--- Task statement ---
Retype the records below from their first line through the line holding "Barefoot Blue Jean", including both ends and no pictures.
BEGIN Dataset excerpts
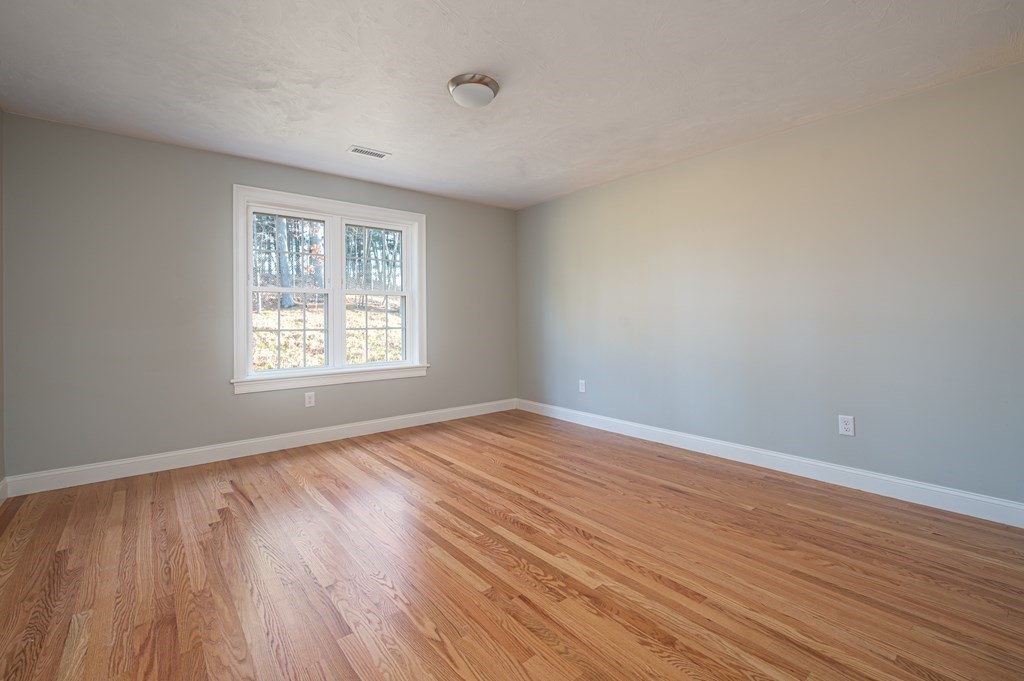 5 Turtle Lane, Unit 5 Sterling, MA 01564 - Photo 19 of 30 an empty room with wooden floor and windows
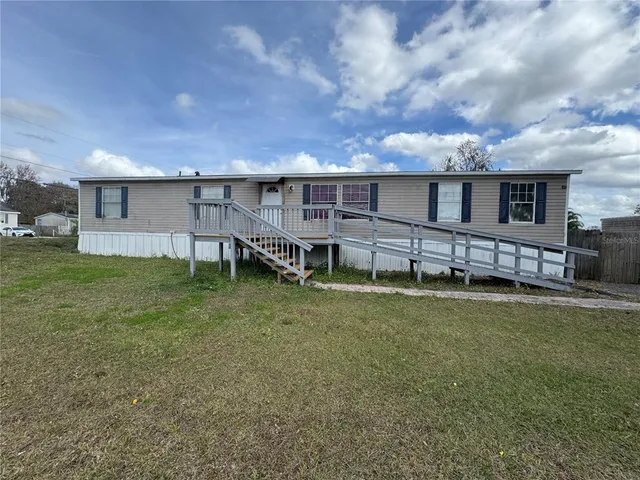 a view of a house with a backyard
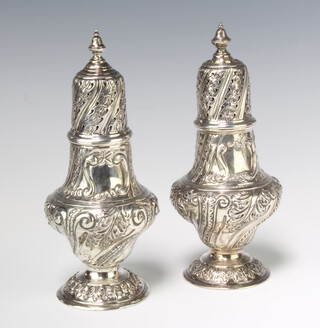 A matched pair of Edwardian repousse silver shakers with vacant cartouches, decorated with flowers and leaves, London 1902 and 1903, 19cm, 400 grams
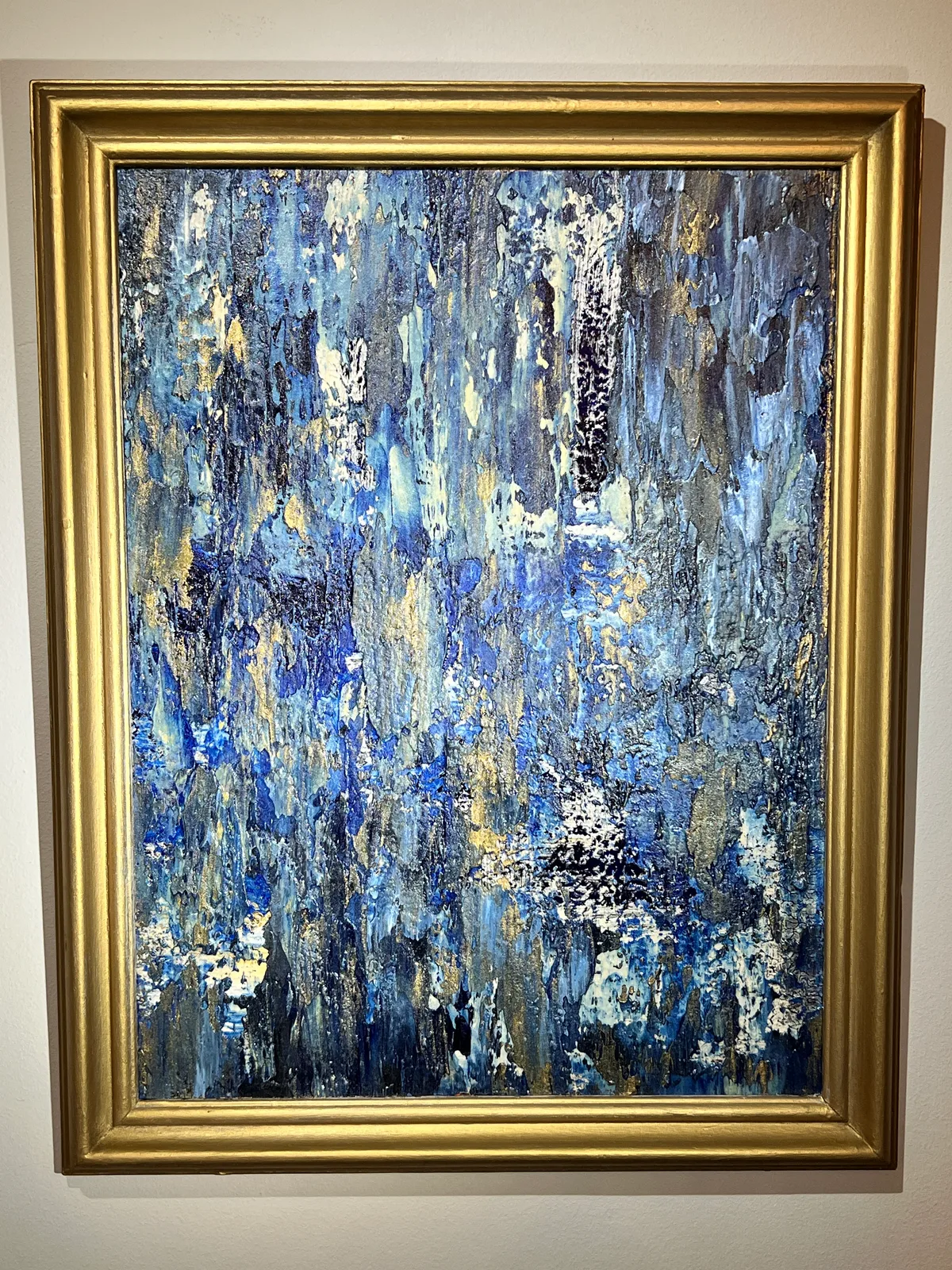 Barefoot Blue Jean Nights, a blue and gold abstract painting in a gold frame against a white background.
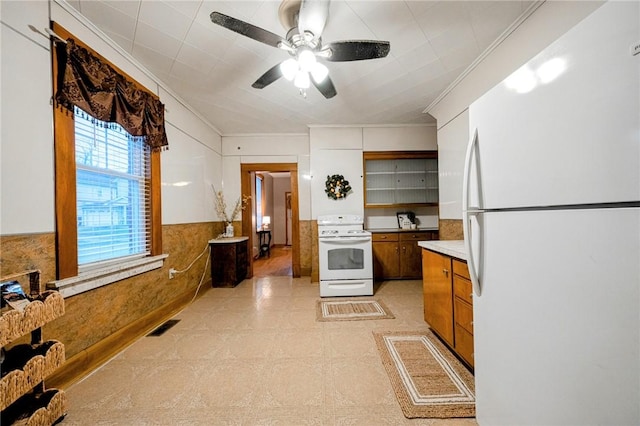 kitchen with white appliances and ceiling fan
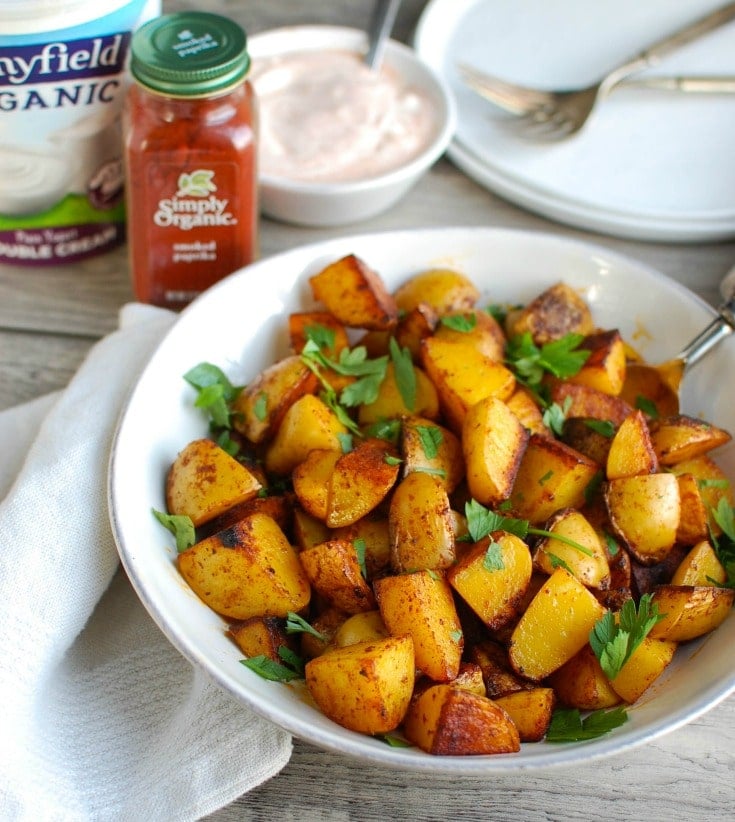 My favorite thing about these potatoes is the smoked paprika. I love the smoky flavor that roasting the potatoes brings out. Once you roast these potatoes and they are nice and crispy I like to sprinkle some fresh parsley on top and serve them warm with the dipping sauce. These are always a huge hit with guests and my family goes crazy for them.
END Dataset excerpts
--- Response below ---
 5 Turtle Lane, Unit 5 Sterling, MA 01564 - Photo 19 of 30 an empty room with wooden floor and windows
 a view of a house with a backyard
 A matched pair of Edwardian repousse silver shakers with vacant cartouches, decorated with flowers and leaves, London 1902 and 1903, 19cm, 400 grams
 Barefoot Blue Jean Nights, a blue and gold abstract painting in a gold frame against a white background.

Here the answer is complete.